__Your task__:
Word-for-word reproduction, images excluded: copy every entry below.

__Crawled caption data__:
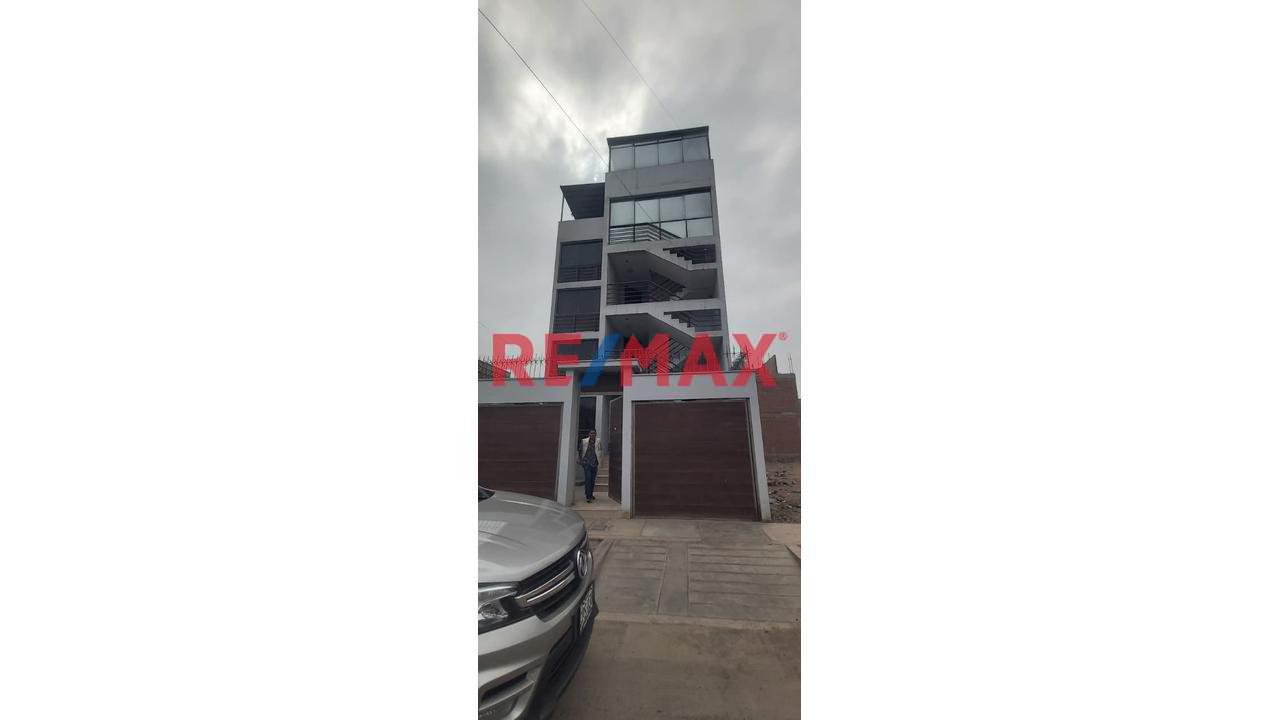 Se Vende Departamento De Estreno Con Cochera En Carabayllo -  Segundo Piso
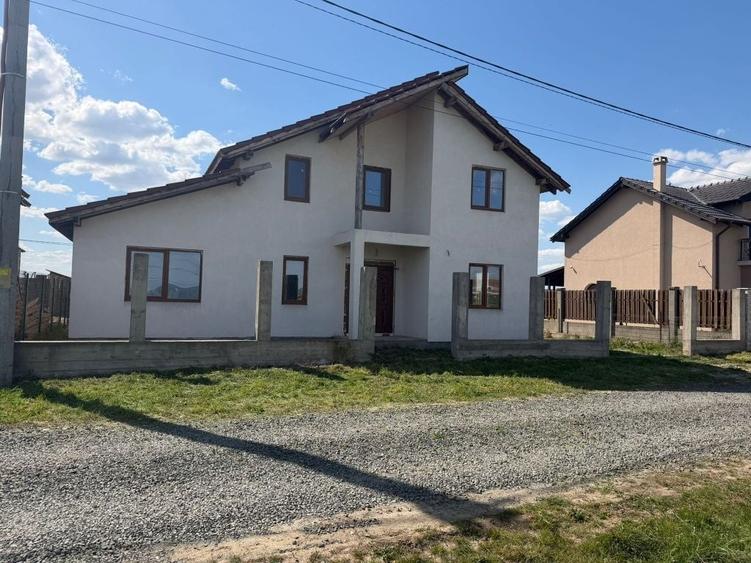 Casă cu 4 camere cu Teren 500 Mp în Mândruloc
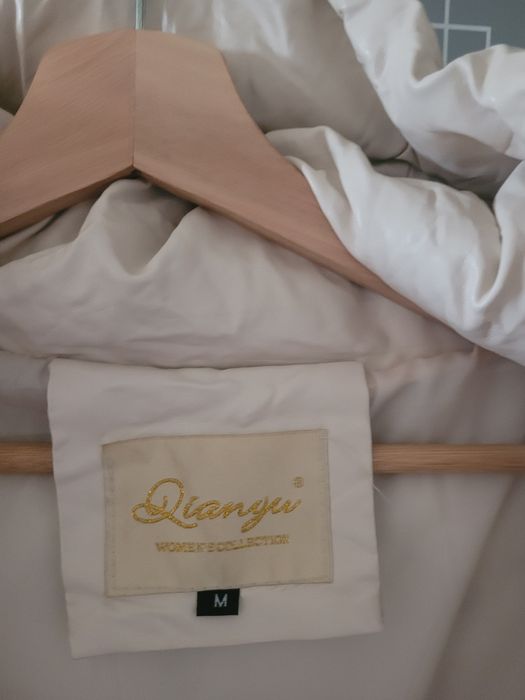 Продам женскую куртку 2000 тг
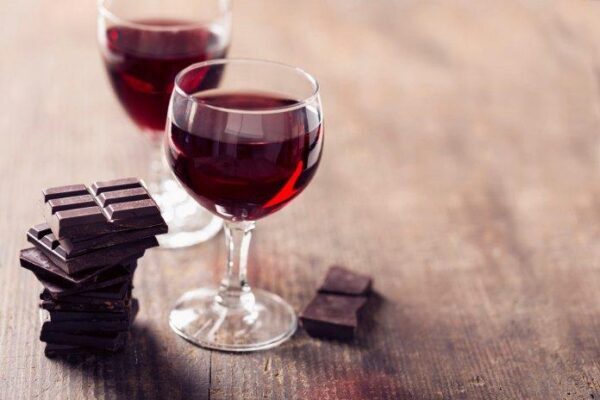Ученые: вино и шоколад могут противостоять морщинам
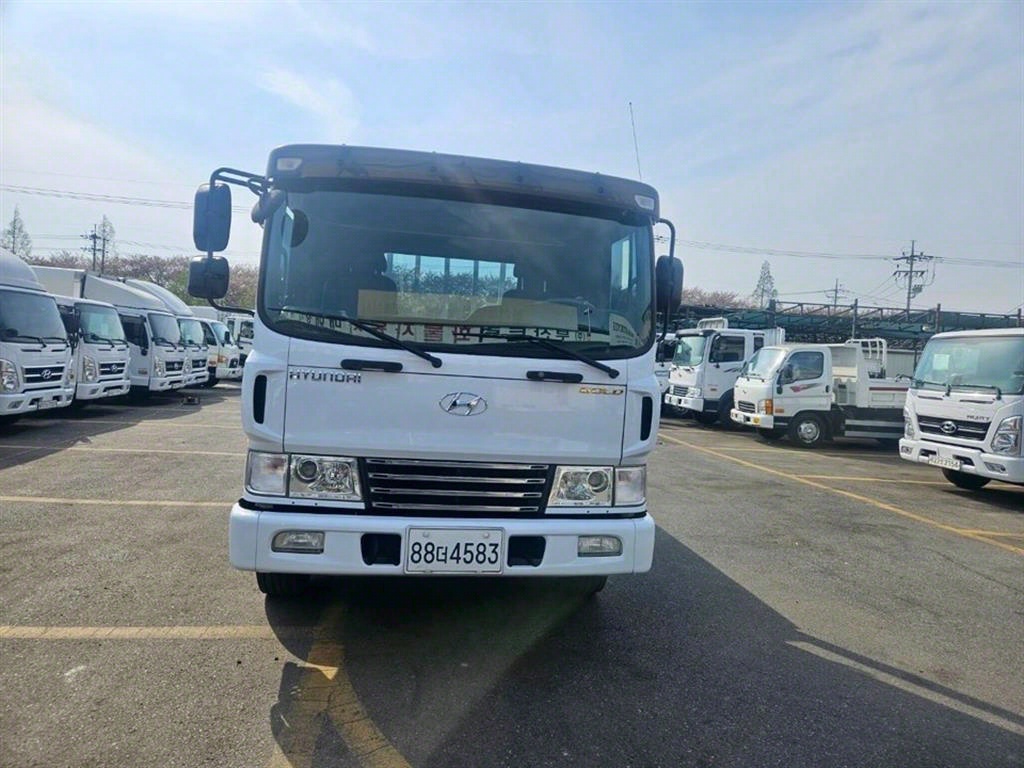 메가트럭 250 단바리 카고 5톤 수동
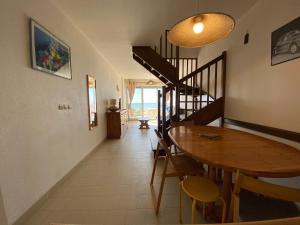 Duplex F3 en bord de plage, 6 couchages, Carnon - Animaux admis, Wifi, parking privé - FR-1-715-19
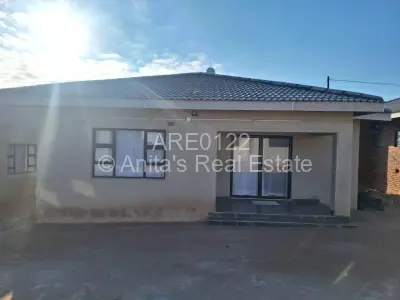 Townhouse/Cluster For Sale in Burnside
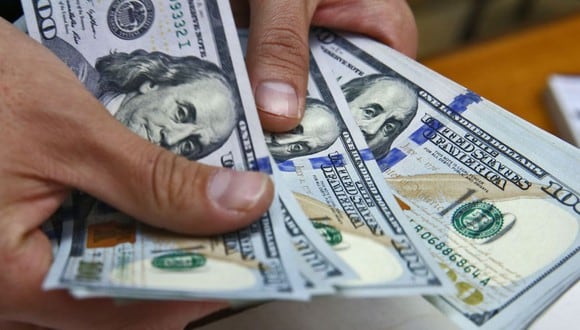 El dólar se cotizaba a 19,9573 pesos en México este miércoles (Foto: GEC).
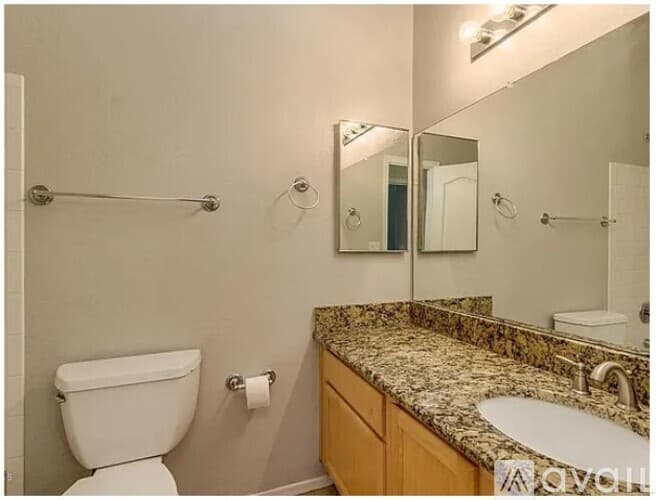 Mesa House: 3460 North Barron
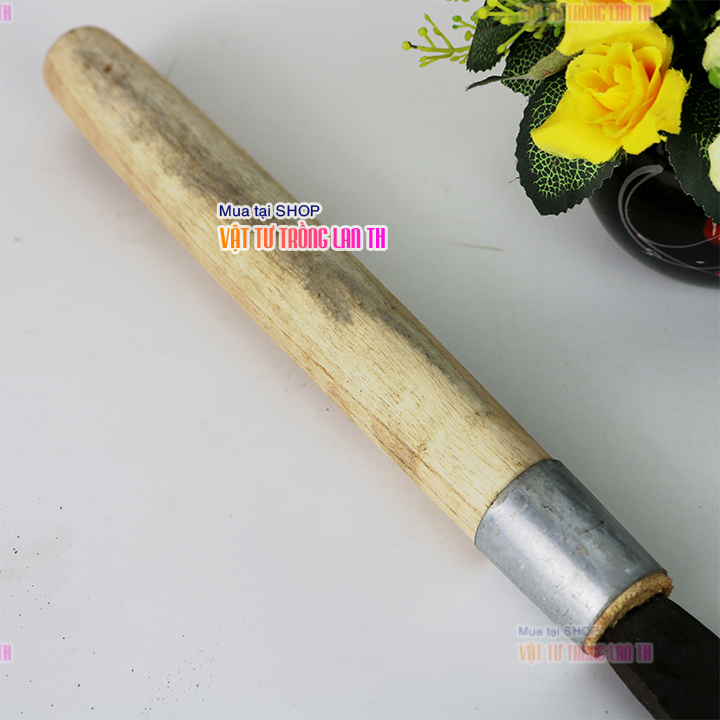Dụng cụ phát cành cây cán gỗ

__Task response__:
 Se Vende Departamento De Estreno Con Cochera En Carabayllo -  Segundo Piso
 Casă cu 4 camere cu Teren 500 Mp în Mândruloc
 Продам женскую куртку 2000 тг
Ученые: вино и шоколад могут противостоять морщинам
 메가트럭 250 단바리 카고 5톤 수동
 Duplex F3 en bord de plage, 6 couchages, Carnon - Animaux admis, Wifi, parking privé - FR-1-715-19
 Townhouse/Cluster For Sale in Burnside
 El dólar se cotizaba a 19,9573 pesos en México este miércoles (Foto: GEC).
 Mesa House: 3460 North Barron
Dụng cụ phát cành cây cán gỗ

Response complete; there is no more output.